The Adviser and its affiliates face a number of conflicts with respect to OTIC. Currently, the Adviser and Its affiliates manage other investment entities, including Blue Owl Capital Corporation and Blue Owl Capital Corporation II, and are not prohibited from raising money for and managing future investment entities that make the same types of investments as those OTIC targets. As a result, the time and resources that the Adviser devotes to OTIC may be diverted. In addition, OTIC may compete with any such investment entity also managed by the Adviser for the same investors and investment opportunities. Furthermore, the Adviser may face conflicts of interest with respect to services it may perform for companies in which OTIC invests as it may receive fees in connection with such services that may not be shared with OTIC.
The incentive fee payable by OTIC to the Adviser may create an incentive for the Adviser to make investments on OTIC's behalf that are risky or more speculative than would be the case in the absence of such compensation arrangements.
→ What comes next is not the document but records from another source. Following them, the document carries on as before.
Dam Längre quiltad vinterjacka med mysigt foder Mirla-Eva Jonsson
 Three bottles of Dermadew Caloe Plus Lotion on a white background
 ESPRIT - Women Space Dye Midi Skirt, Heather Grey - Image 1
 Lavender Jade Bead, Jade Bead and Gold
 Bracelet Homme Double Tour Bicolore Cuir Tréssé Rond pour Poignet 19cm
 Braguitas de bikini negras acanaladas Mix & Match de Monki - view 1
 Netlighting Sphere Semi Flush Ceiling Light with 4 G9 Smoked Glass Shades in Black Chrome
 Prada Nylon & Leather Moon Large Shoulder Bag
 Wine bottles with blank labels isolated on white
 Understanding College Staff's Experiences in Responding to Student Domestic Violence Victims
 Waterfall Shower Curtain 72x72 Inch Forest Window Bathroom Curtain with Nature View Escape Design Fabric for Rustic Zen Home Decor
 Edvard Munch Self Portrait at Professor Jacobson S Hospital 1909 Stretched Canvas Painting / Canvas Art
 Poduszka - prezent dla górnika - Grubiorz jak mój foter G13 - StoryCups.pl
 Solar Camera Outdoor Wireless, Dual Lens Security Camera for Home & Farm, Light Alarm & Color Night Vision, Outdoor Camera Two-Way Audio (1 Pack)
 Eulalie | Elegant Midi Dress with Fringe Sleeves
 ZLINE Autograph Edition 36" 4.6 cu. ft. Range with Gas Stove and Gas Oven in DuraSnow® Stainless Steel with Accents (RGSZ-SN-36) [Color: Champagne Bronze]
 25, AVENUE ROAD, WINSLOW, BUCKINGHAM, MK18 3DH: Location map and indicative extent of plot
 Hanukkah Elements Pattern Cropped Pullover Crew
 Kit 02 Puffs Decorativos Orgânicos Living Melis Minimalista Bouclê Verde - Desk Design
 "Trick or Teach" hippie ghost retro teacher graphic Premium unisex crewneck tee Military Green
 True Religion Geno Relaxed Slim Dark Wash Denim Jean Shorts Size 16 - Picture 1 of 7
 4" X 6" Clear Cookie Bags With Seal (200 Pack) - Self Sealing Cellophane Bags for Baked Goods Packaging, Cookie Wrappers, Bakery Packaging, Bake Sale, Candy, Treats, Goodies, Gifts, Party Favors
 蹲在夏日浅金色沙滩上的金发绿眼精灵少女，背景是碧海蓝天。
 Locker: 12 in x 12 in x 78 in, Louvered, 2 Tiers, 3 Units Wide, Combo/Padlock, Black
OTIC may be obligated to pay the Adviser Incentive fees even if OTIC incurs a net loss due to a decline in the value of its portfolio and even if its earned interest income is not payable in cash.
The information provided above is not directed at any particular investor or category of investors and is provided solely as general information about Blue Owl Capital Inc.'s products and services to regulated financial intermediaries and to otherwise provide general Investment education. No information contained herein should be regarded as a suggestion to engage in or refrain from any investment-related course of action as Blue Owl Securities LLC, its affiliates, and OTIC are not undertaking to provide impartial investment advice, act as an impartial adviser, or give advice in a fiduciary capacity with respect to the materials presented herein.